Search code examples
pythonscikit-learnk-means

Kmean get good group separation


I have a basic code for use Kmeans with sklearn

    scaled = MinMaxScaler().fit_transform(points)

    kmeans = KMeans(n_clusters=nb_clusters) # , random_state=42 , init='random', algorithm='elkan'
    kmeans.fit(scaled)
    labels = kmeans.labels_
    centroids = kmeans.cluster_centers_

But i don't success to have my two groups well separated enter image description here

Does someone know what's wrong or what is lacking please ?

Thank you in advance.


Solution

  • The k-means algorithm is based on the assumption of spherically shaped clusters with a common diameter, e. g. isotropic Gaussian-distributed clusters. Your data does not fit this assumption.

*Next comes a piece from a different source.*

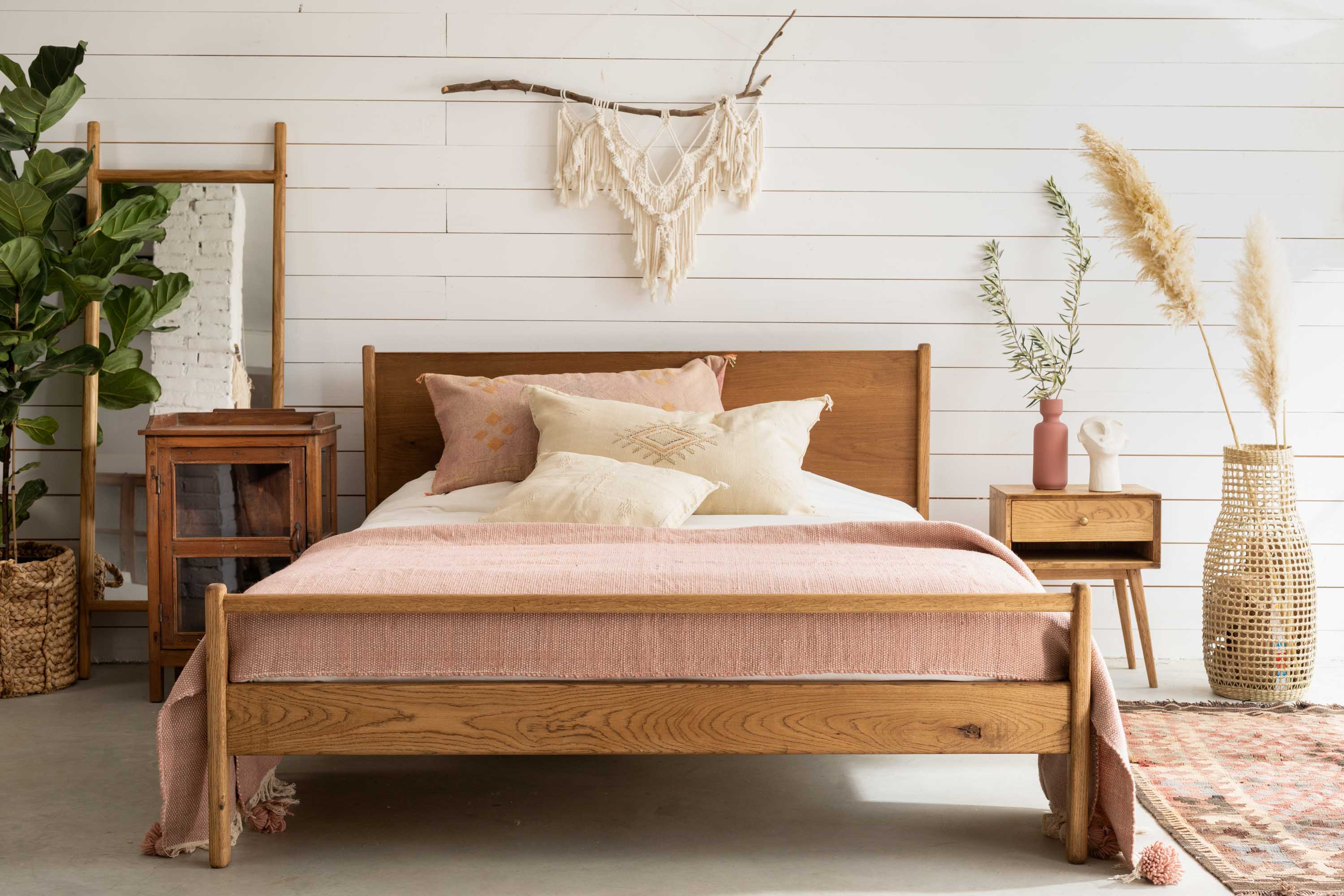 מיטה צרפתית מעץ אלון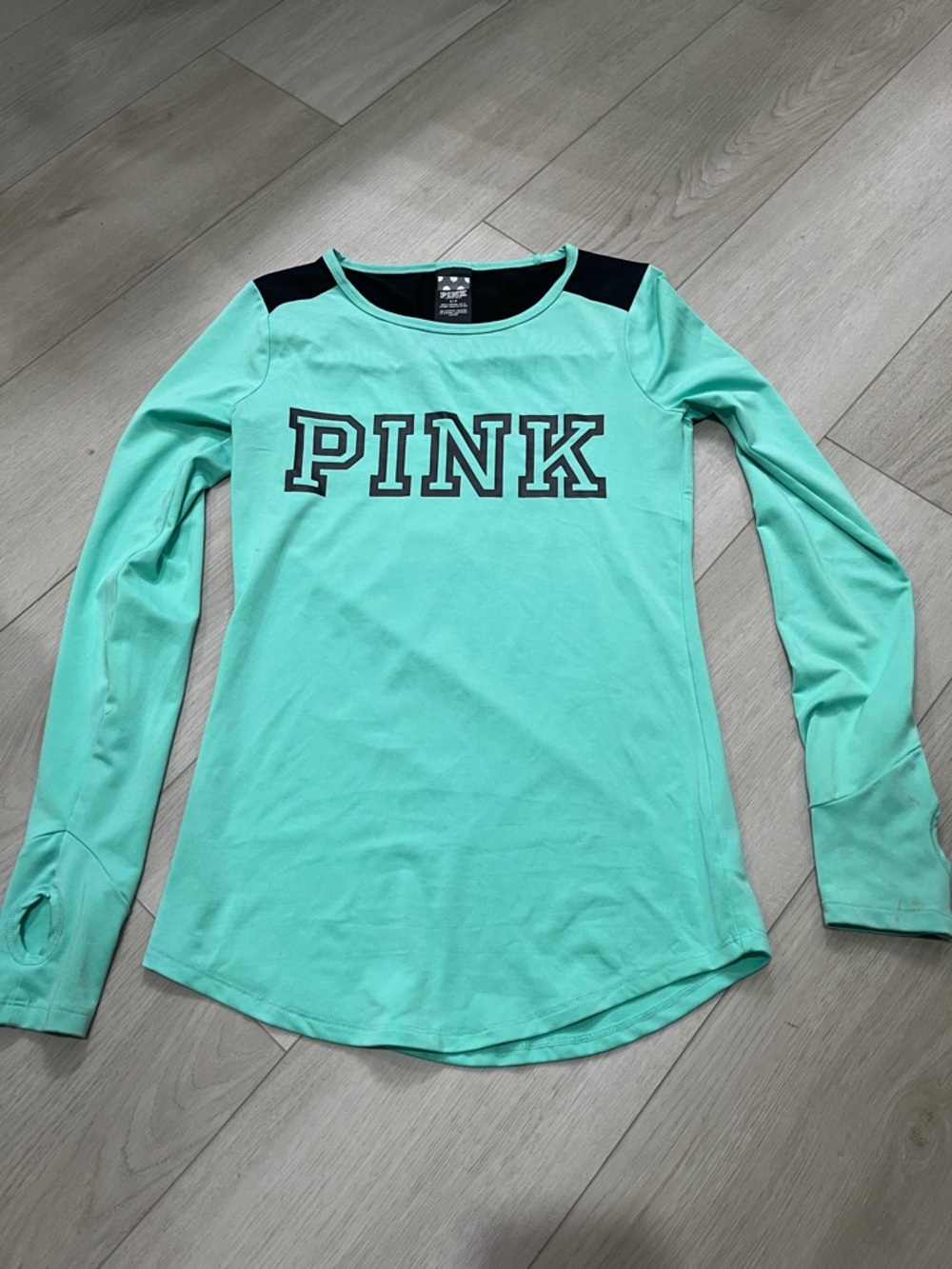 PINK Victoria's Secret Long Sleeve Tee for Women - Mint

    First you should plot your data with a 1:1 aspect ratio to better understand what is going on. You will see that the separation of your two groups circled in blue is smaller as compared to their spread in y-direction.

    Second, you should observe that the group to the right includes much, much less data points as compared to the group on the left. To the algorithm, the points on the right are mere outliers of the distribution it tries to model.

    To sum it up, k-means is probably not a good fit for your data. Mean shift, although maybe overkill, should be a much better fit.